Marianna Franchise: On July 7, 2009, the Marianna Commission adopted an ordinance granting a franchise to FPU, effective February 1, 2010, for a period not to exceed 10 years for the operation and distribution and/or sale of electric energy (the “Franchise Agreement”). The Franchise Agreement provides that FPU will develop and implement new TOU and interruptible electric power rates, or other similar rates, mutually agreeable to FPU and the City of Marianna. The Franchise Agreement further provides for the TOU and interruptible rates to be effective no later than February 17, 2011, and available to all customers within FPU’s northwest division, which includes the City of Marianna. If the rates were not in effect by February 17, 2011, the City of Marianna would have the right to give notice to FPU within 180 days thereafter of its intent to exercise an option in the Franchise Agreement to purchase FPU’s property (consisting of the electric distribution assets) within the City of Marianna. Any such purchase would be subject to approval by the Marianna Commission, which would also need to approve the presentation of a referendum to voters in the City of Marianna for the approval of the purchase and the operation by the City of Marianna of an electric distribution facility. If the purchase is approved by the Marianna Commission and by the referendum, the closing of the purchase must occur within 12 months after the referendum is approved. If the City of Marianna elects to purchase the Marianna property, the Franchise Agreement requires the City of Marianna to pay FPU the fair market value for such property as determined by three qualified appraisers. Our future financial results would be negatively affected by the loss of earnings generated by FPU from its approximately 3,000 customers in the City of Marianna.

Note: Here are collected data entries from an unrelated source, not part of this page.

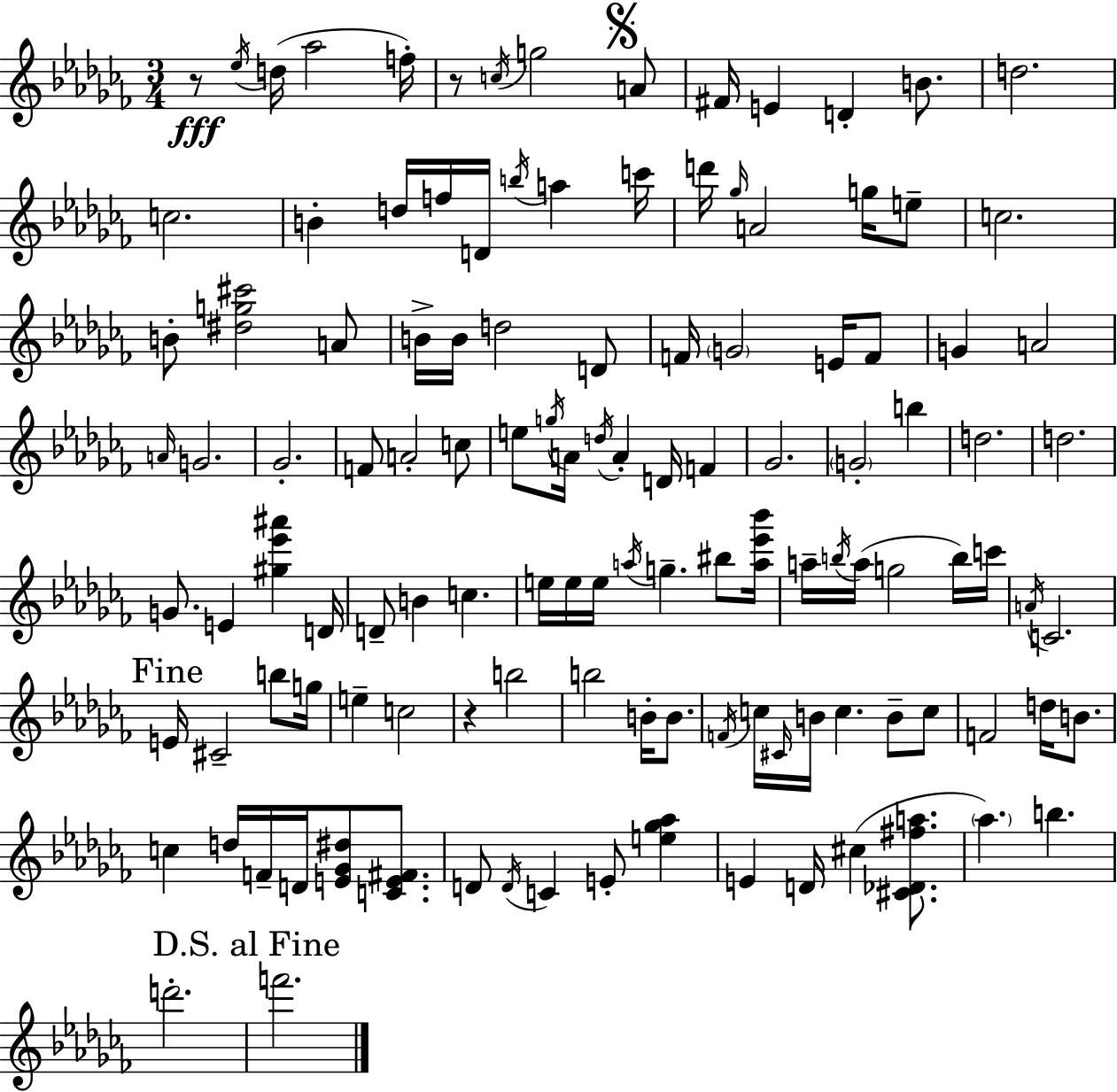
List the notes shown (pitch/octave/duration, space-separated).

R/e Eb5/s D5/s Ab5/h F5/s R/e C5/s G5/h A4/e F#4/s E4/q D4/q B4/e. D5/h. C5/h. B4/q D5/s F5/s D4/s B5/s A5/q C6/s D6/s Gb5/s A4/h G5/s E5/e C5/h. B4/e [D#5,G5,C#6]/h A4/e B4/s B4/s D5/h D4/e F4/s G4/h E4/s F4/e G4/q A4/h A4/s G4/h. Gb4/h. F4/e A4/h C5/e E5/e G5/s A4/s D5/s A4/q D4/s F4/q Gb4/h. G4/h B5/q D5/h. D5/h. G4/e. E4/q [G#5,Eb6,A#6]/q D4/s D4/e B4/q C5/q. E5/s E5/s E5/s A5/s G5/q. BIS5/e [A5,Eb6,Bb6]/s A5/s B5/s A5/s G5/h B5/s C6/s A4/s C4/h. E4/s C#4/h B5/e G5/s E5/q C5/h R/q B5/h B5/h B4/s B4/e. F4/s C5/s C#4/s B4/s C5/q. B4/e C5/e F4/h D5/s B4/e. C5/q D5/s F4/s D4/s [E4,Gb4,D#5]/e [C4,E4,F#4]/e. D4/e D4/s C4/q E4/e [E5,Gb5,Ab5]/q E4/q D4/s C#5/q [C#4,Db4,F#5,A5]/e. Ab5/q. B5/q. D6/h. F6/h.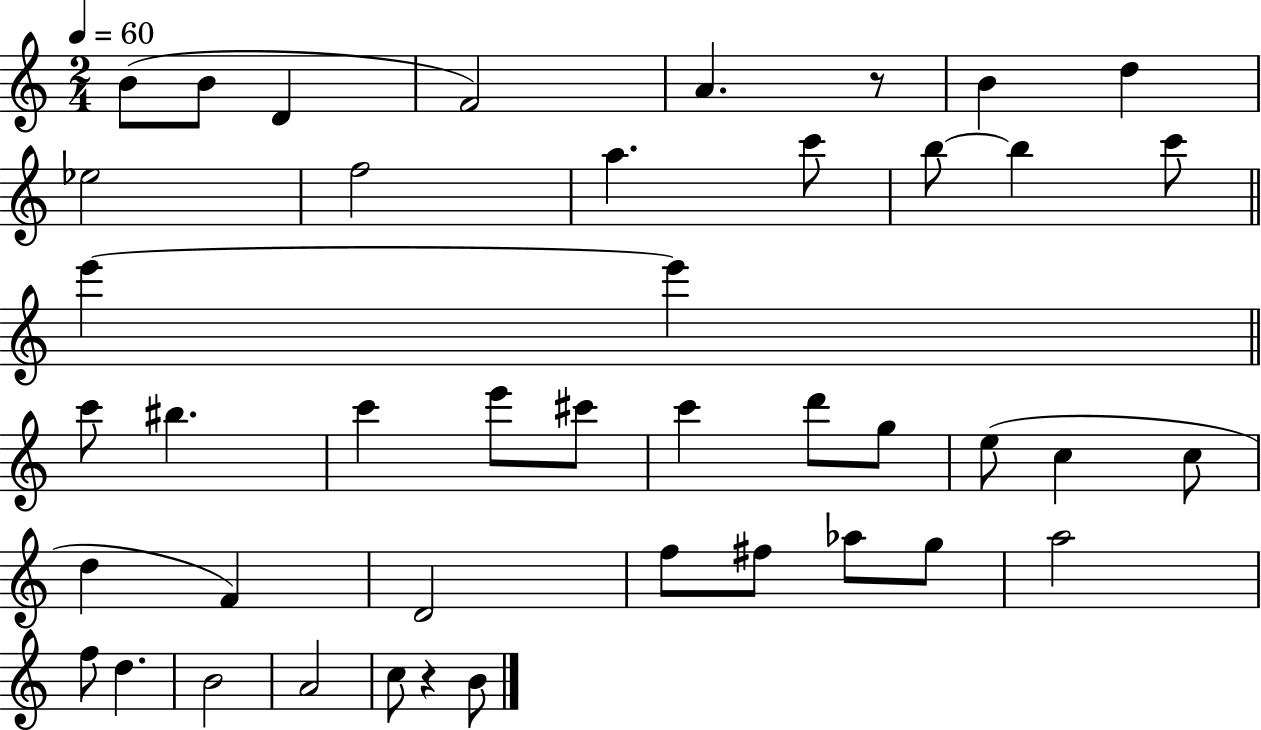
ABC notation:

X:1
T:Untitled
M:2/4
L:1/4
K:C
B/2 B/2 D F2 A z/2 B d _e2 f2 a c'/2 b/2 b c'/2 e' e' c'/2 ^b c' e'/2 ^c'/2 c' d'/2 g/2 e/2 c c/2 d F D2 f/2 ^f/2 _a/2 g/2 a2 f/2 d B2 A2 c/2 z B/2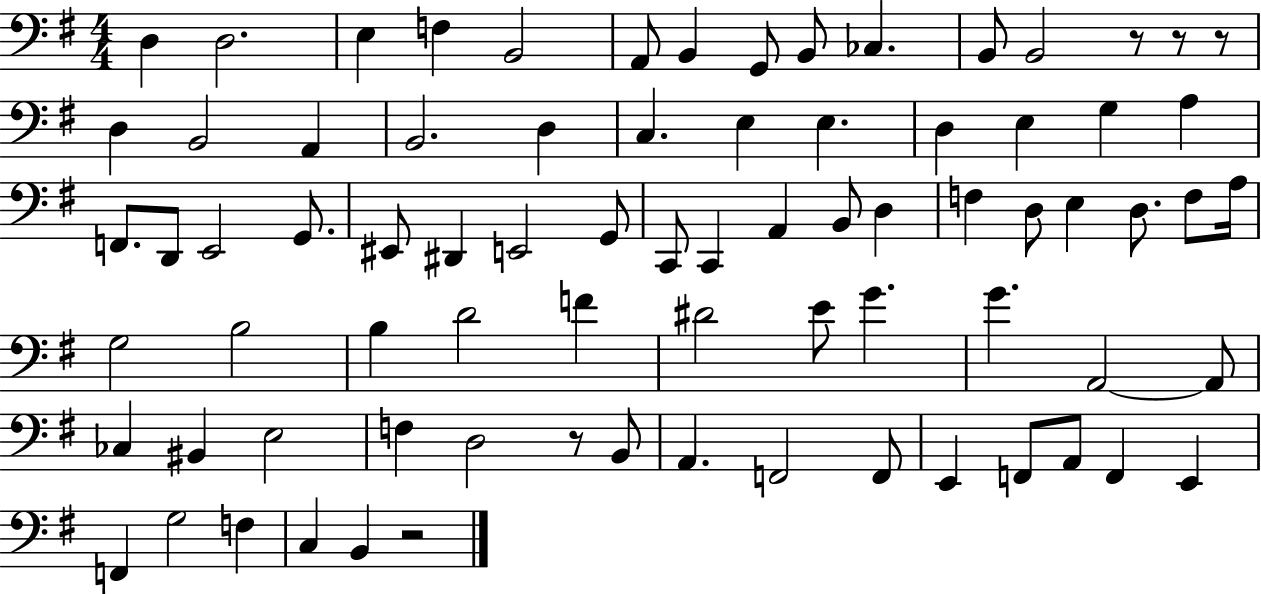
{
  \clef bass
  \numericTimeSignature
  \time 4/4
  \key g \major
  \repeat volta 2 { d4 d2. | e4 f4 b,2 | a,8 b,4 g,8 b,8 ces4. | b,8 b,2 r8 r8 r8 | \break d4 b,2 a,4 | b,2. d4 | c4. e4 e4. | d4 e4 g4 a4 | \break f,8. d,8 e,2 g,8. | eis,8 dis,4 e,2 g,8 | c,8 c,4 a,4 b,8 d4 | f4 d8 e4 d8. f8 a16 | \break g2 b2 | b4 d'2 f'4 | dis'2 e'8 g'4. | g'4. a,2~~ a,8 | \break ces4 bis,4 e2 | f4 d2 r8 b,8 | a,4. f,2 f,8 | e,4 f,8 a,8 f,4 e,4 | \break f,4 g2 f4 | c4 b,4 r2 | } \bar "|."
}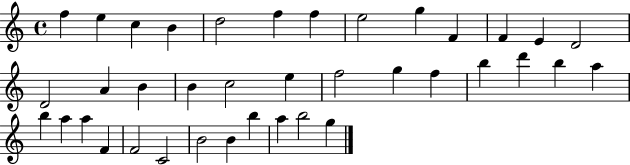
{
  \clef treble
  \time 4/4
  \defaultTimeSignature
  \key c \major
  f''4 e''4 c''4 b'4 | d''2 f''4 f''4 | e''2 g''4 f'4 | f'4 e'4 d'2 | \break d'2 a'4 b'4 | b'4 c''2 e''4 | f''2 g''4 f''4 | b''4 d'''4 b''4 a''4 | \break b''4 a''4 a''4 f'4 | f'2 c'2 | b'2 b'4 b''4 | a''4 b''2 g''4 | \break \bar "|."
}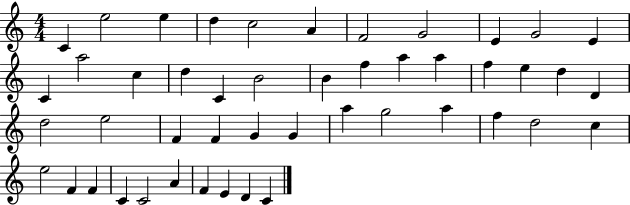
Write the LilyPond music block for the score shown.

{
  \clef treble
  \numericTimeSignature
  \time 4/4
  \key c \major
  c'4 e''2 e''4 | d''4 c''2 a'4 | f'2 g'2 | e'4 g'2 e'4 | \break c'4 a''2 c''4 | d''4 c'4 b'2 | b'4 f''4 a''4 a''4 | f''4 e''4 d''4 d'4 | \break d''2 e''2 | f'4 f'4 g'4 g'4 | a''4 g''2 a''4 | f''4 d''2 c''4 | \break e''2 f'4 f'4 | c'4 c'2 a'4 | f'4 e'4 d'4 c'4 | \bar "|."
}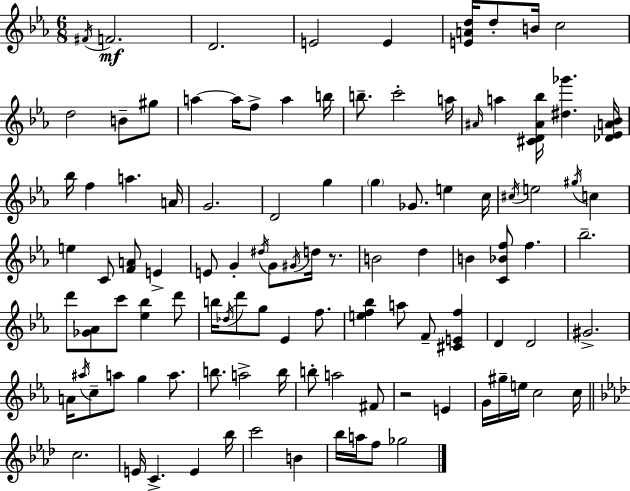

In accordance with the terms of the Franchise Agreement, FPU developed TOU and interruptible rates, and on December 14, 2010, FPU filed a petition with the Florida PSC for authority to implement such proposed TOU and interruptible rates on or before February 17, 2011. On February 11, 2011, the Florida PSC issued an order approving FPU’s petition for authority to implement the proposed TOU and interruptible rates, which became effective on February 8, 2011. The City of Marianna objected to the proposed rates and filed a petition protesting the entry of the Florida PSC’s order. On January 24, 2012, the Florida PSC dismissed with prejudice the protest by the City of Marianna.

On January 26, 2011, FPU filed a petition with the Florida PSC for approval of an amendment to FPU’s Generation Services Agreement entered into between FPU and Gulf Power. The amendment provides for a reduction in the capacity demand quantity, which generates the savings necessary to support the TOU and interruptible rates approved by the Florida PSC. The amendment also extends the current agreement by two years, with a new expiration date of December 31, 2019. By its order dated June 21, 2011, the Florida PSC approved the amendment. On July 12, 2011, the City of Marianna filed a protest of this decision and requested a hearing on the amendment. On January 24, 2012, the Florida PSC dismissed with prejudice the protest by the City of Marianna.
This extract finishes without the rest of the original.